*** Opening Dataset extract ***
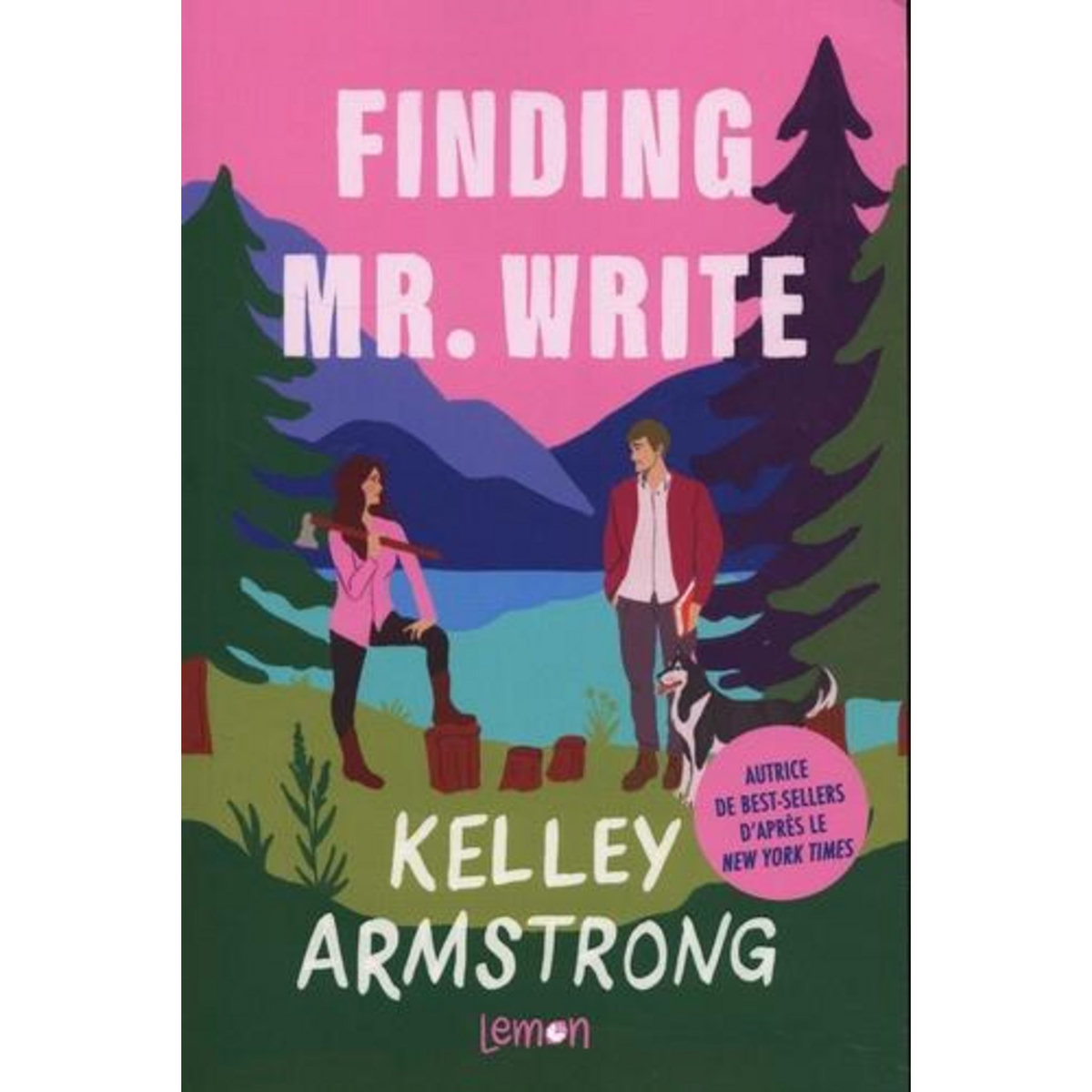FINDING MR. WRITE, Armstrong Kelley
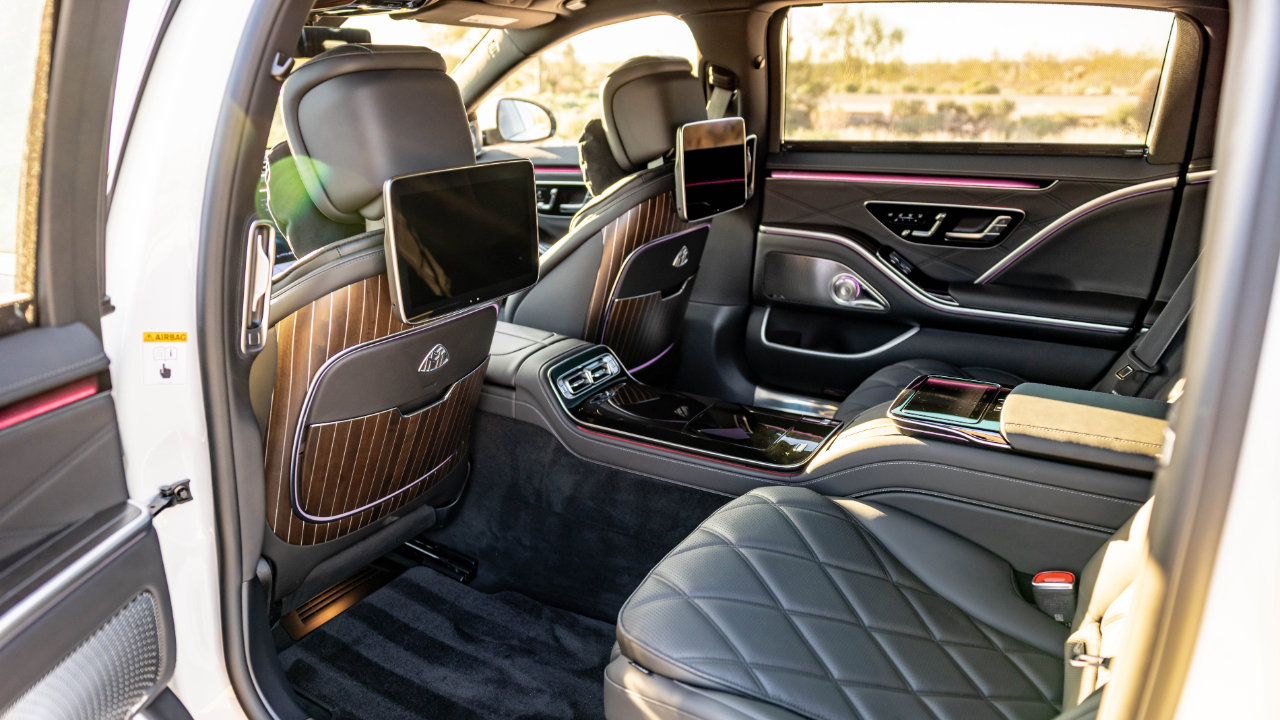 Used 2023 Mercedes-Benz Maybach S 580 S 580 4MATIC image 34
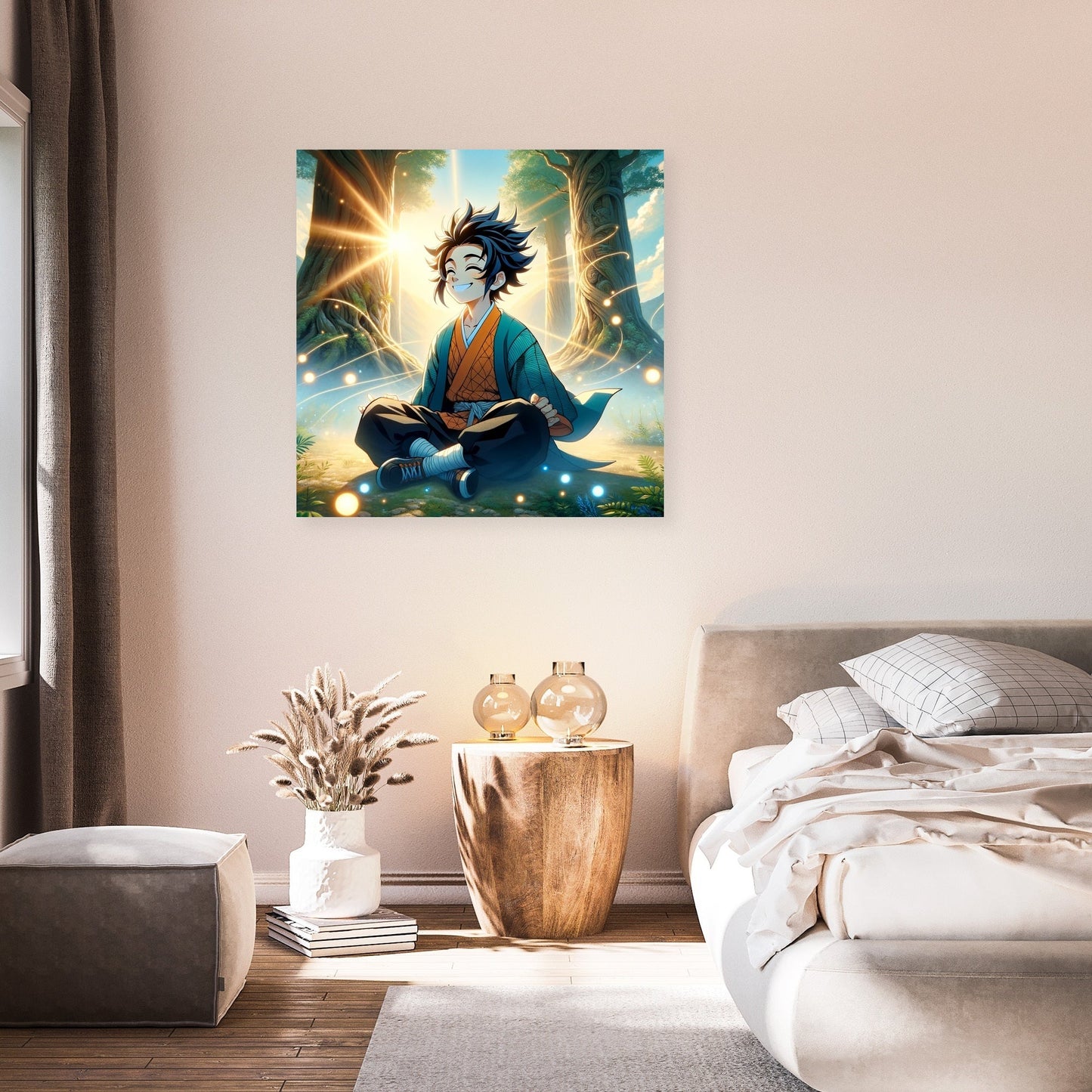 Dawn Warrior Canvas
*** Closing Dataset extract ***
What is needed is the data above, retyped exactly, with every picture left out.

Solution:
FINDING MR. WRITE, Armstrong Kelley
 Used 2023 Mercedes-Benz Maybach S 580 S 580 4MATIC image 34
 Dawn Warrior Canvas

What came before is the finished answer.